Dovevo arrivare alla mia età, e dopo trent’anni che conosco Alberto Arbasino per accorgermi all’improvviso che è uno scrittore latino-americano. E che se lo leggi come fosse un Guimaraes Rosa, o un Borges, un Puig o un Vargas Llosa allora ti spieghi il perché non riusciamo a collocare Arbasino in una storia della letteratura italiana con una certa coerenza. Quest’idea mi è venuta leggendo, e devo ammettere con la solita passione che ho da sempre per lui, i Pensieri selvaggi a Buenos Aires (Adelphi, pp. 125, €10). Un libro che non parla solo di Argentina, ma in generale di tutta l’America Latina, e anche di Brasile. Un libro che si chiude con una strepitosa e laconica intervista a Jorge Luis Borges, che il nostro ha fatto nel lontano 1977. Dove Borges dice due cose, tra le altre, che togliono ogni stabilità a qualsiasi mente letterariamente sana. La prima è che non gli piacciono i romanzi e i romanzieri perché sono artificiosi. E quindi che lui non legge e non ha letto romanzi (eccetto Conrad). La seconda è che Borges trova Borges uno scrittore e una persona noiosa, e convivere fino a 77 anni con Borges è stato per Borges una fatica.

Se incomincio dal rovescio nel recensire questo libro, e soprattutto procedo a sprazzi, è per dire che in realtà neppure Arbasino è davvero un romanziere. Ma è un autore di corsi e ricorsi narrativi della contemporaneità visiva, estetica come nessun altro. Le prime pagine di questo libro sono folgoranti, se fossero state scritte in spagnolo capiresti quanto ci sia del genio in questo uomo. Non aderisce mai a nulla, si tiene a distanza da ogni forma di kitsch, di epica letteraria, da ogni luogo comune, ma poi gioca con i luoghi comuni da maestro. Arbasino è di quelli che ti dicono che non devi scherzare con il fuoco, e ma poi costruiscono cattedrali fatte di fiammiferi. E cattedrali bellissime, s’intende.

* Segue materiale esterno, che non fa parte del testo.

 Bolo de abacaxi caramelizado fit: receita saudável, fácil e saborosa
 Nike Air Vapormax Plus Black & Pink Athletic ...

Allora leggerlo mentre parla di tango e di quel prodigio della mente, prima che luogo geografico, come Buenos Aires è una festa della letteratura. E non per i motivi per cui Arbasino è solitamente celebrato. Non mi ha mai impressionato il suo snobismo, e neppure ritengo che la sua scrittura sia da elogiare perché elegante. Come tutti gli scrittori davvero eleganti Arbasino non lo sa di scrivere in modo elegante. Come tutti gli scrittori ossessionati da Carlo Emilio Gadda, usa la lingua per raccontare, e non per raccontarsi.

Alberto Arbasino è uno scrittore ammirato e non imitato, perché è inimitabile il suo punto di vista sul mondo. A un certo punto scrive: «E piove. Tristes Tropiques più Pensée Sauvage. Afflizioni anche generalistiche contristano gran parte delle emozioni metropolitane, soprattutto nei quartieri principali e storici di tutta questa Capitale: benché destinazione marittima tanto vagheggiata, evidentemente Buenos Aires ha sempre voltato le spalle all’Oceano, come per rimirare il proprio Centro». Definizione di Buenos Aires così fulminante non l’avevo mai letta. E allora quando dialoga con Borges nella parte finale del libro, e si tiene a distanza come un accordatore di pianoforte mantiene un contegno mentre accorda uno Steinway, capisci che in questo scrittore, autore di romanzi come Fratelli d’Italia, c’è un percorso che nessuno ha dimenticato, e che nel suo diventare di moda ha perso qualcosa, ma nel suo oscillare nelle discrete zone desuete della sua letteratura, assai lontane dalla scrittura che oggi praticano ormai tutti, c’è il suo punto di forza.

Arbasino è questo: è un crinale, una cresta d’alta montagna, una musica lontana che però non ti levi dalla testa.  È lui quando corregge all’infinito i suoi testi e anche i tuoi (ricordo un’intervista con me vent’anni fa per Fratelli d’Italia, con un editing continuo). È un individualista che crede alla letteratura con moderazione, ma crede soprattutto al fatto che scrivere può essere un vivere elegante, e che la buona scrittura è come un paesaggio emozionante come una battuta fuori luogo, purché geniale. Ma soprattutto che scrivere è uno dei modi migliori per rendere la vita più densa, e più nitida. Dunque più sincera.